JuliaLang / julia

The Julia Programming Language
https://julialang.org/
MIT License
45.61k stars 5.48k forks source link

Reinterpret with `NTuples`and types has bad effects, maybe unnecessarily #52047

Open gbaraldi opened 11 months ago

gbaraldi commented 11 months ago

It calls into _reintepret which does unsace_convert, which julia does not like. This causes this code which will compile down to very simple instructions to not get either inlined or const propped.

Seelengrab commented 11 months ago

Did you mean to link to some piece of code here?

nsajko commented 11 months ago

some piece of code

julia> f(n::UInt32) = reinterpret(NTuple{4,UInt8}, n)
f (generic function with 1 method)

julia> f(0x12345678)
(0x78, 0x56, 0x34, 0x12)

julia> Base.infer_effects(f, Tuple{UInt32})
(!c,!e,!n,!t,!s,!m,!u)′

julia> versioninfo()
Julia Version 1.11.0-DEV.856
Commit e7345b89fd4 (2023-11-07 02:53 UTC)
Build Info:
  Official https://julialang.org/ release
Platform Info:
  OS: Linux (x86_64-linux-gnu)
  CPU: 8 × AMD Ryzen 3 5300U with Radeon Graphics
  WORD_SIZE: 64
  LLVM: libLLVM-15.0.7 (ORCJIT, znver2)
  Threads: 11 on 8 virtual cores
Environment:
  JULIA_NUM_PRECOMPILE_TASKS = 3
  JULIA_PKG_PRECOMPILE_AUTO = 0
  JULIA_EDITOR = code
  JULIA_NUM_THREADS = 8

This could just be implemented with a couple of cheap shifts, so I guess Julia should use that approach, too?

nsajko commented 11 months ago

On second thought, fixing this might not be worth it, or actually it might even be preferable to leave it as is. This is because reinterpreting tuples as primitive integers (or vice versa) is subtly error-prone:

  1. In almost all cases, the result depends on the host endianess.
  2. In the case of heterogeneous tuples, the result may depend on the padding, possibly involving undefined behavior, ref #29605, #41071.

So I think fixing this would actually encourage bugs.

Furthermore, IMO, using reinterpret on non-primitive types should perhaps be forbidden in Julia v2.

oscardssmith commented 11 months ago

the result depends on the host endianess

This doesn't matter that much because at this point everything is little-endian.
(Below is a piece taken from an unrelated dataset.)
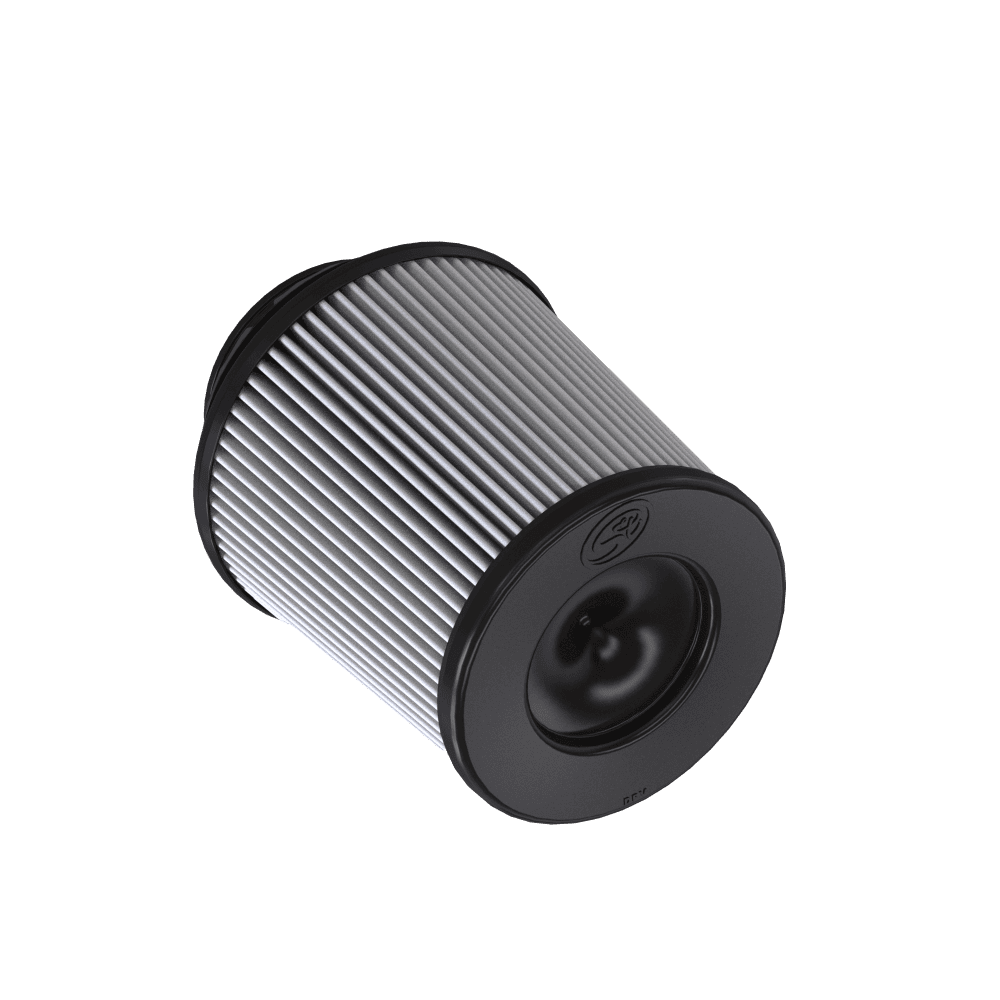 S&B Intake Replacement Filter - S&B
mikmoore commented 9 months ago

Here is a benchmark comparing reinterpret against a manual LLVM version (modeled after actual code in Random/src/XoshiroSimd.jl) in the v1.10.0 release:

julia> using BenchmarkTools

julia> @eval tupcast(::Type{NTuple{8,UInt32}}, x::NTuple{4,UInt64}) = map(z->z.value, Core.Intrinsics.llvmcall("%res = bitcast <4 x i64> %0 to <8 x i32>\nret <8 x i32> %res", NTuple{8,Core.VecElement{UInt32}}, Tuple{NTuple{4,Core.VecElement{UInt64}}}, map(Core.VecElement,x)));

julia> x = [ntuple(_->rand(UInt64), Val(4)) for _ in 1:2^10]; y = similar(x, NTuple{8,UInt32});

julia> @btime $y .= reinterpret.(NTuple{8,UInt32}, $x);
  2.400 μs (0 allocations: 0 bytes)

julia> @btime $y .= tupcast.(NTuple{8,UInt32}, $x);
  1.180 μs (0 allocations: 0 bytes)

julia> z = similar(x);

julia> @btime $z .= reinterpret.(NTuple{4,UInt64}, $x); # reinterpret is a no-op
  2.311 μs (0 allocations: 0 bytes)

julia> @btime $z .= $x; # compare to copy
  534.896 ns (0 allocations: 0 bytes)

Note that tupcast achieves 2x the throughput on my x86 machine, relative to reinterpret. Also notice that the no-op case reinterpret(::Type{T}, x::T) where T is causing a 4x slowdown relative to a direct copy. From the @code_native, it appears that reinterpret is indeed not being inlined, as suggested in the original issue.


I've been interested in this functionality for SIMD generation of random numbers requiring further computations. In that case, all the bits of the input tuple are already random so I'm happy to reinterpret them without regard to endianness etc.

N5N3 commented 9 months ago

A simple fix for this struct_subpading case is replacing memcpy with unsafe_load, just like #43955. The effect inference should still be bad but at least our compiler would like to inline it for this simple case.